Sometimes I encouter such strange situations that the program run incorrectly while running normally and it will pop-up the termination dialog,but correctly while debugging.This do make me frustrated when I want to use debugger to find the bug inside my code.

Have you ever met this kind of situation and why?

Update:

To prove there are logic reasons that will led such a frustrating situation:

I think one big possibility is heap access volidation.I once wrote a function that allocate a small buffer,but later I step out the boudary.It will run correctly within gdb,cdb,etc(I do not know why,but it do run correctly);but terminate abnormally while running normally.

I am using C++.

I do not think my problem duplicate the above one.

That one is comparision between release mode and debug mode,but mine is between debugging and not debugging,which have a word heisenbug,as many other noted.

thanks.

Answer 1

When using a debugger, sometimes memory gets initialized (e.g. zero'ed) whereas without a debugging session, memory can be random. This could explain the behavior you are seeing.

Answer 2

You have a heisenbug.

Debugger might be initializing values

Some environments initialize variables and/or memory to known values like zero in debug builds but not release builds.

Release might be built with optimizations

Modern compilers are good, but it could hypothetically happen that optimized code functions differently than non-optimized code. Edit: These days, compiler bugs are rare. If you find yourself thinking you have one, exhaust all other ideas first.

There can be other reasons for heisenbugs.

Answer 3

Which programming language are you using. Certain languages, such as C++, behave slightly differently between release and debug builds. In the case of C++, this means that when you declare a var, such as int i;, in debug builds it will be initialised to 0, while in release builds it may take any value (whatever was stored in its memory location before).

Answer 4

You have dialogs, so there may be threads in your application. If there is threads, there is a possibility of race conditions.

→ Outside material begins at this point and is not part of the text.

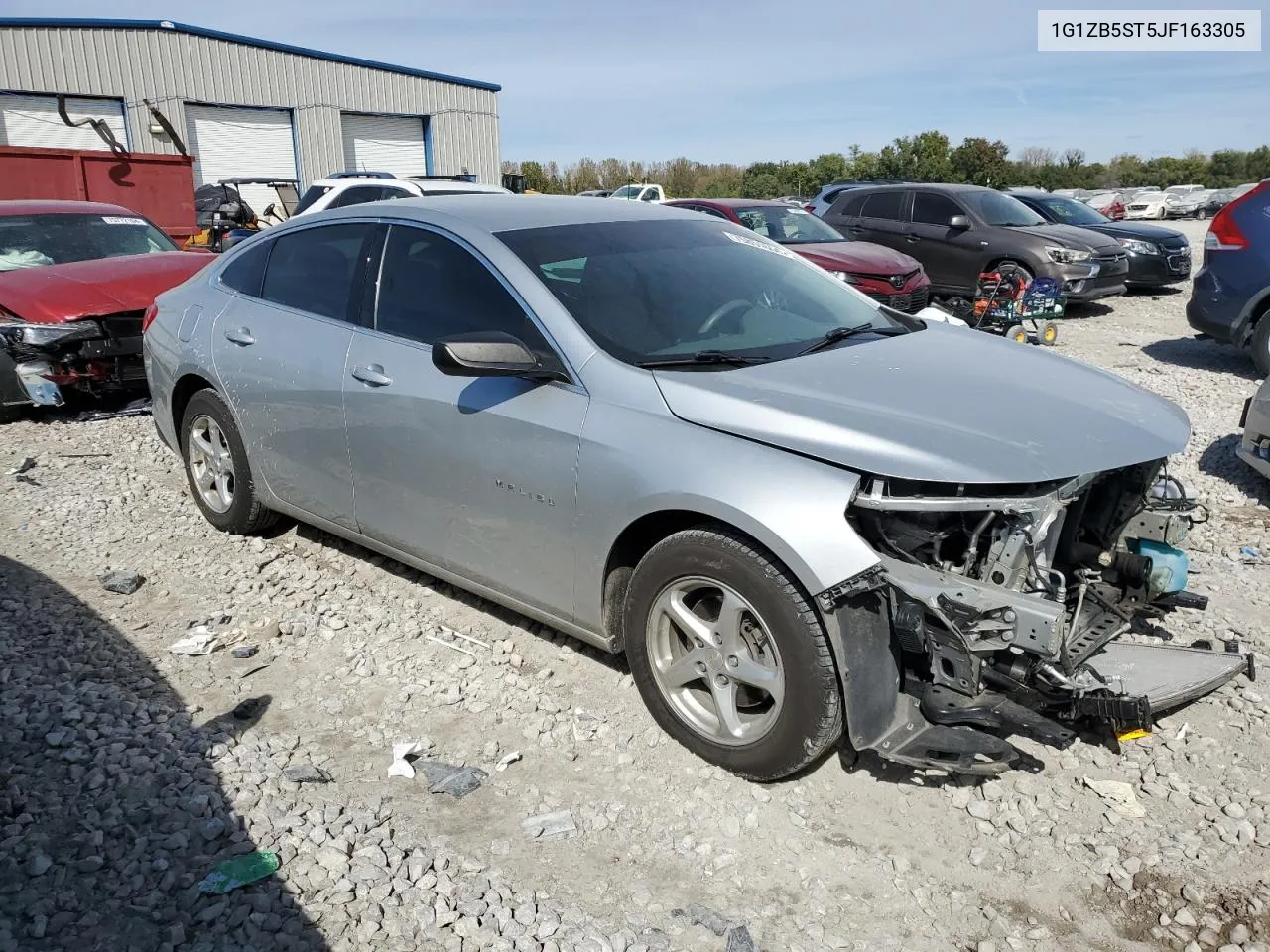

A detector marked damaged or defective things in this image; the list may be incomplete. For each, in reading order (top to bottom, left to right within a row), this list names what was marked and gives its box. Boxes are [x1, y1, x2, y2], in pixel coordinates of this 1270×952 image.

Let say your main thread initialize a structure that another thread uses. When you run your program inside the debugger the initializing thread may be scheduled before the other thread while in your real-life situation the thread that use the structure is scheduled before the other thread actually initialize it.

Answer 5

In addition to what JeffH said, you have to consider if the deploying computer (or server) has the same environment/libraries/whatever_related_to_the_program.

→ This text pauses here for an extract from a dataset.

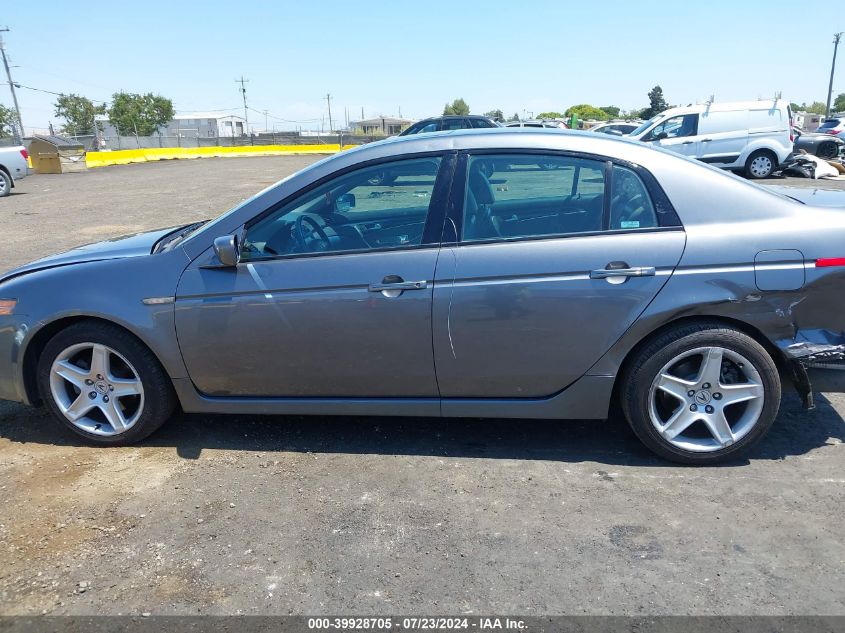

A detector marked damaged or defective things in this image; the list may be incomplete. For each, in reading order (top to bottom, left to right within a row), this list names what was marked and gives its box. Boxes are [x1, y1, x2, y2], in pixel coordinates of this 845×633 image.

dent on car door [175, 154, 454, 398]
dent on car door [436, 153, 684, 398]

Sometimes it's very difficult to debug correctly if you debug with other conditions.

Giovanni

Answer 6

One real-world example of heisenbug from Raymand Zhang.

/*-------------------------------------------------------------- 
GdPage.cpp : a real example to illustrate Heisenberg Effect
   related with guard page by Raymond Zhang, Oct. 2008
--------------------------------------------------------------*/
#include <windows.h>
#include <stdio.h>
#include <stdlib.h>

int main()
{
  LPVOID lpvAddr;               // address of the test memory
  lpvAddr = VirtualAlloc(NULL, 0x4096,
                         MEM_RESERVE | MEM_COMMIT,
                         PAGE_READONLY | PAGE_GUARD);
  if(lpvAddr == NULL) 
  {
    printf("VirtualAlloc failed with %ld\n", GetLastError());
    return -1;
  }

  return *(long *)lpvAddr;  
}

The program would terminate abnormally whether compile with Debug or Release,because by specifying the PAGE_GUARD flag would cause the:

Pages in the region become guard pages. Any attempt to read from or write to a guard page causes the system to raise a STATUS_GUARD_PAGE exception and turn off the guard page status. Guard pages thus act as a one-shot access alarm.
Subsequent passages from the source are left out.